= WORK TO BE COMPLETED =
Each line from the one containing "19th century Swedish" to the last line of the listing below is to be duplicated exactly, and no picture is to be carried over.

= GIVEN RECORDS =
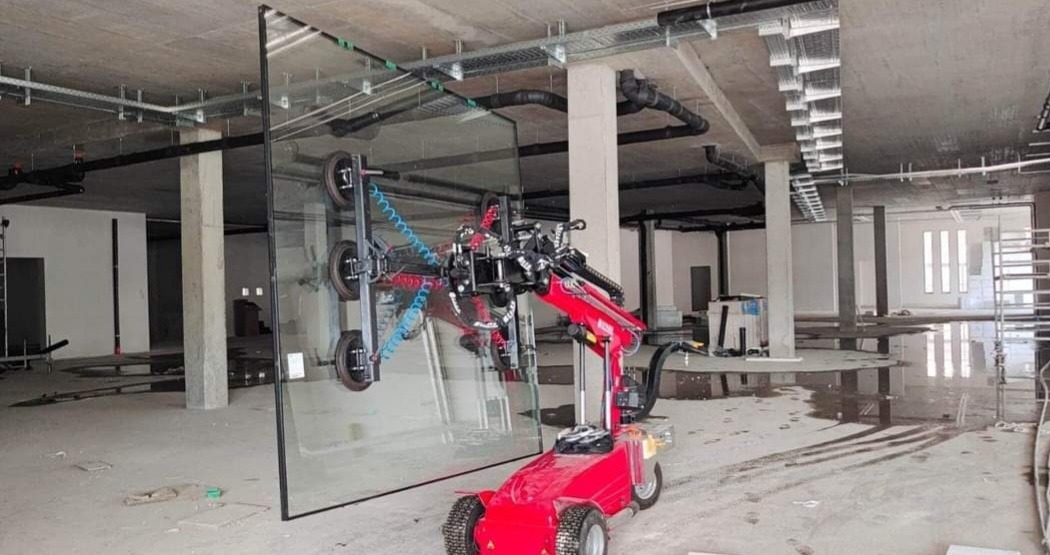 Czerwony robot do montażu szyb podnosi dużą taflę szkła w surowym wnętrzu budynku w trakcie budowy.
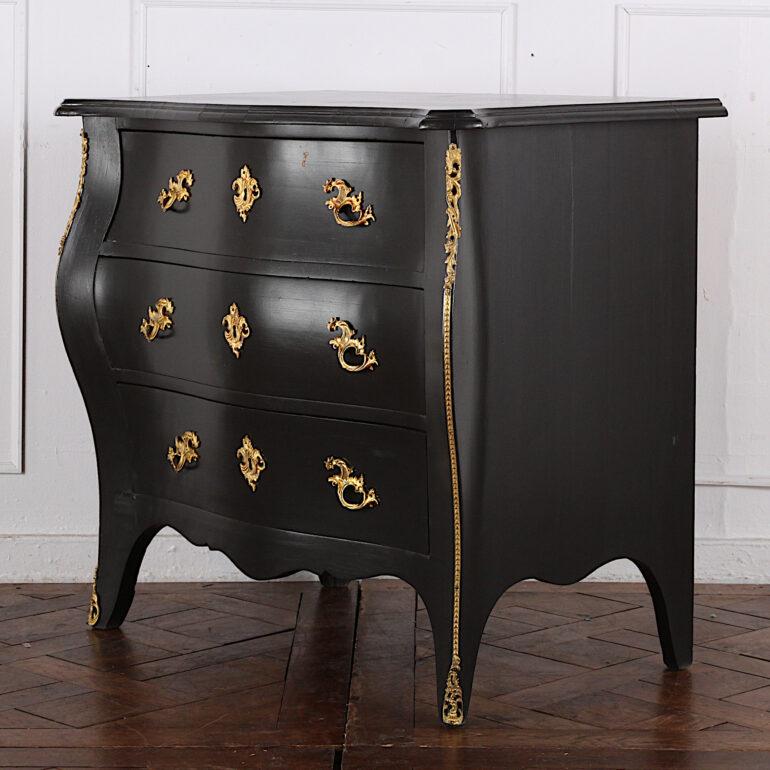 19th century Swedish painted or ebonized ‘bombe’ three-drawer commode with highly-detailed gilt mounts. Nicely-made smaller antique commode with later painted finish.
 
  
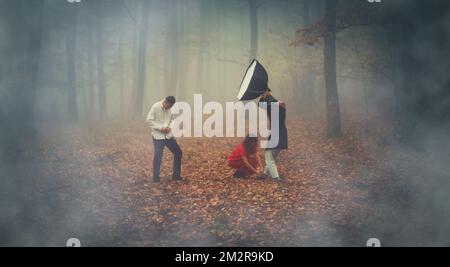 Fotografieren Sie Menschen in einem wunderschönen nebligen Wald, das Foto beinhaltet auch einen Assistenten mit einem blitzschnellen, herbstlichen Buchenwald im Nebel. Stockfoto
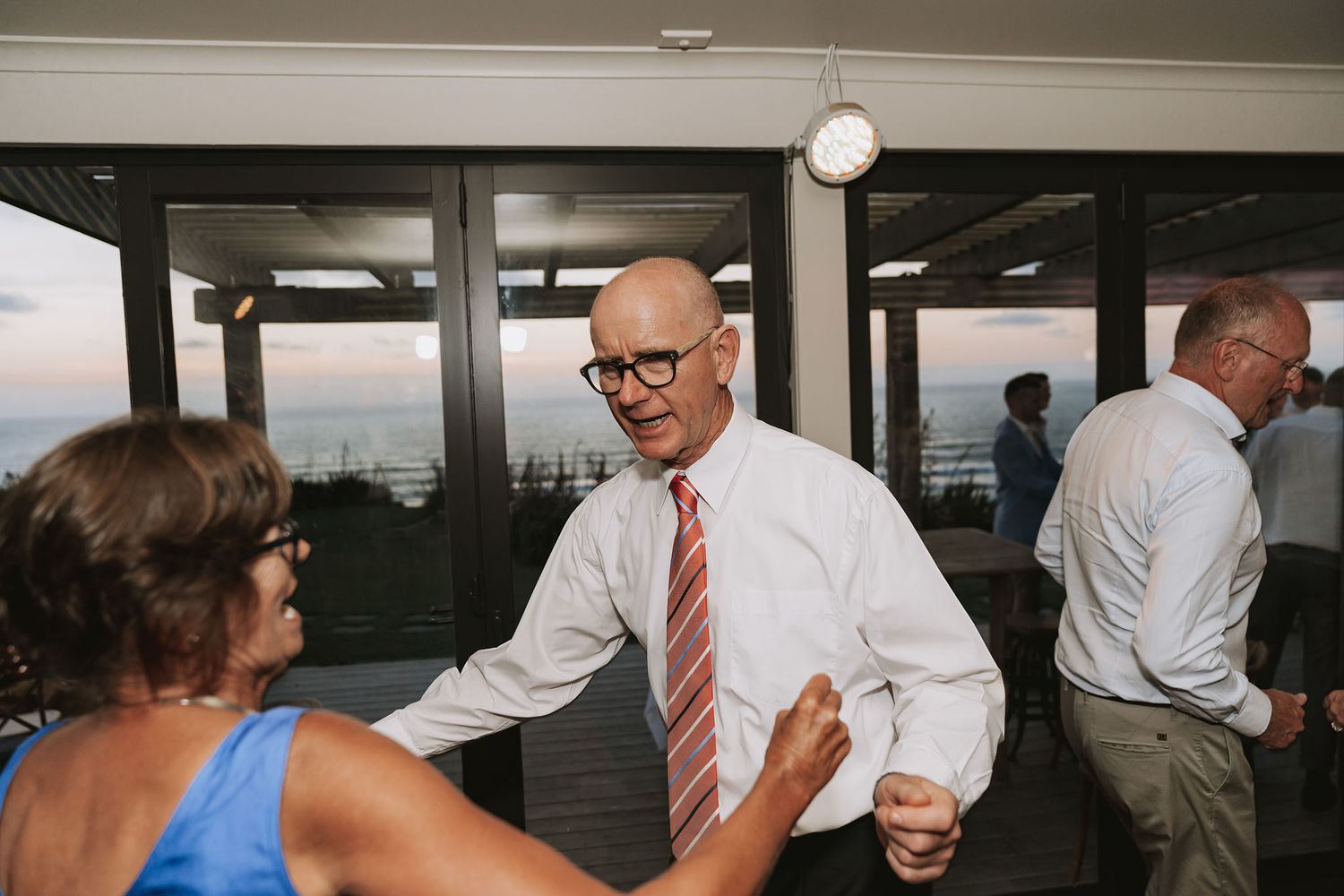 Two well-dressed people dancing and interacting in what appears to be a reception or party setting.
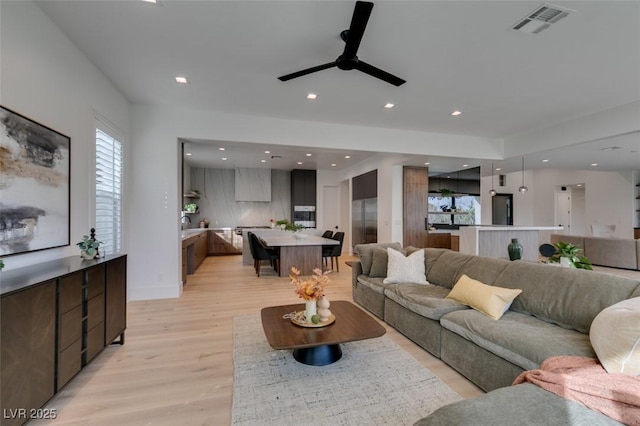 living area featuring light wood-style floors, visible vents, a ceiling fan, and recessed lighting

= ANSWER TO THIS TASK =
 19th century Swedish painted or ebonized ‘bombe’ three-drawer commode with highly-detailed gilt mounts. Nicely-made smaller antique commode with later painted finish.
 
  
 Fotografieren Sie Menschen in einem wunderschönen nebligen Wald, das Foto beinhaltet auch einen Assistenten mit einem blitzschnellen, herbstlichen Buchenwald im Nebel. Stockfoto
 Two well-dressed people dancing and interacting in what appears to be a reception or party setting.
 living area featuring light wood-style floors, visible vents, a ceiling fan, and recessed lighting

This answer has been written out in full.